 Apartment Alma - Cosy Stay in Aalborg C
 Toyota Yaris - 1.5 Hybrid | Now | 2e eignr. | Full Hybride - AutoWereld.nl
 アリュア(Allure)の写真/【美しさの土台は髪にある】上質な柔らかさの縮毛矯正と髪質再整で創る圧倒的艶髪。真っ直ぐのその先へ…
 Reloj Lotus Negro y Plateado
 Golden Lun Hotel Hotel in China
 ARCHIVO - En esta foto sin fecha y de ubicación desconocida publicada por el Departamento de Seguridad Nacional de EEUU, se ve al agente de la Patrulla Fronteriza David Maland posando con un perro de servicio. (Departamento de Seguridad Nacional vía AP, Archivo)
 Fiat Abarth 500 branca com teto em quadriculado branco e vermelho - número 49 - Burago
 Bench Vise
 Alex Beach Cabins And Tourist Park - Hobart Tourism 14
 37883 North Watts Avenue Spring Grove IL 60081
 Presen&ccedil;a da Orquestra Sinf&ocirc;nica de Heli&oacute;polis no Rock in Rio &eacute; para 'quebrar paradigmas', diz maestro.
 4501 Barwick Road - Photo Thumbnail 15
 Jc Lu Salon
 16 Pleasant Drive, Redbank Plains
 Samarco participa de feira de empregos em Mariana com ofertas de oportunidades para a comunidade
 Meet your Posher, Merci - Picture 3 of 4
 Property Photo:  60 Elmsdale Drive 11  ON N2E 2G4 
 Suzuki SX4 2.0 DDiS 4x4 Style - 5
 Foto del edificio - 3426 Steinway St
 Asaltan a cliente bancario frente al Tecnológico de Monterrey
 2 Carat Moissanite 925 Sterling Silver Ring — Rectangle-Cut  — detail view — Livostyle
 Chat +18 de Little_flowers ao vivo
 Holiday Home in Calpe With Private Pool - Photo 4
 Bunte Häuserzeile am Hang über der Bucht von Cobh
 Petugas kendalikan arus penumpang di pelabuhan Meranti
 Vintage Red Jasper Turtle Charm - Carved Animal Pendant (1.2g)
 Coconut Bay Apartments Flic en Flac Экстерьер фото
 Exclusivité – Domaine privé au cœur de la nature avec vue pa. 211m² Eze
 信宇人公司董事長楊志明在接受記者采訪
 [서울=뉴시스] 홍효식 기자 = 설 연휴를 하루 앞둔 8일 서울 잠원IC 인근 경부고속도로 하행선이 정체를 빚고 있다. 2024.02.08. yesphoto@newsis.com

> **Work to be completed**:
Word for word, transcribe all of the records.

> **Reply**:
 Apartment Alma - Cosy Stay in Aalborg C
 Toyota Yaris - 1.5 Hybrid | Now | 2e eignr. | Full Hybride - AutoWereld.nl
 アリュア(Allure)の写真/【美しさの土台は髪にある】上質な柔らかさの縮毛矯正と髪質再整で創る圧倒的艶髪。真っ直ぐのその先へ…
 Reloj Lotus Negro y Plateado
 Golden Lun Hotel Hotel in China
 ARCHIVO - En esta foto sin fecha y de ubicación desconocida publicada por el Departamento de Seguridad Nacional de EEUU, se ve al agente de la Patrulla Fronteriza David Maland posando con un perro de servicio. (Departamento de Seguridad Nacional vía AP, Archivo)
 Fiat Abarth 500 branca com teto em quadriculado branco e vermelho - número 49 - Burago
 Bench Vise
 Alex Beach Cabins And Tourist Park - Hobart Tourism 14
 37883 North Watts Avenue Spring Grove IL 60081
 Presen&ccedil;a da Orquestra Sinf&ocirc;nica de Heli&oacute;polis no Rock in Rio &eacute; para 'quebrar paradigmas', diz maestro.
 4501 Barwick Road - Photo Thumbnail 15
 Jc Lu Salon
 16 Pleasant Drive, Redbank Plains
 Samarco participa de feira de empregos em Mariana com ofertas de oportunidades para a comunidade
 Meet your Posher, Merci - Picture 3 of 4
 Property Photo:  60 Elmsdale Drive 11  ON N2E 2G4 
 Suzuki SX4 2.0 DDiS 4x4 Style - 5
 Foto del edificio - 3426 Steinway St
 Asaltan a cliente bancario frente al Tecnológico de Monterrey
 2 Carat Moissanite 925 Sterling Silver Ring — Rectangle-Cut  — detail view — Livostyle
 Chat +18 de Little_flowers ao vivo
 Holiday Home in Calpe With Private Pool - Photo 4
 Bunte Häuserzeile am Hang über der Bucht von Cobh
 Petugas kendalikan arus penumpang di pelabuhan Meranti
 Vintage Red Jasper Turtle Charm - Carved Animal Pendant (1.2g)
 Coconut Bay Apartments Flic en Flac Экстерьер фото
 Exclusivité – Domaine privé au cœur de la nature avec vue pa. 211m² Eze
 信宇人公司董事長楊志明在接受記者采訪
 [서울=뉴시스] 홍효식 기자 = 설 연휴를 하루 앞둔 8일 서울 잠원IC 인근 경부고속도로 하행선이 정체를 빚고 있다. 2024.02.08. yesphoto@newsis.com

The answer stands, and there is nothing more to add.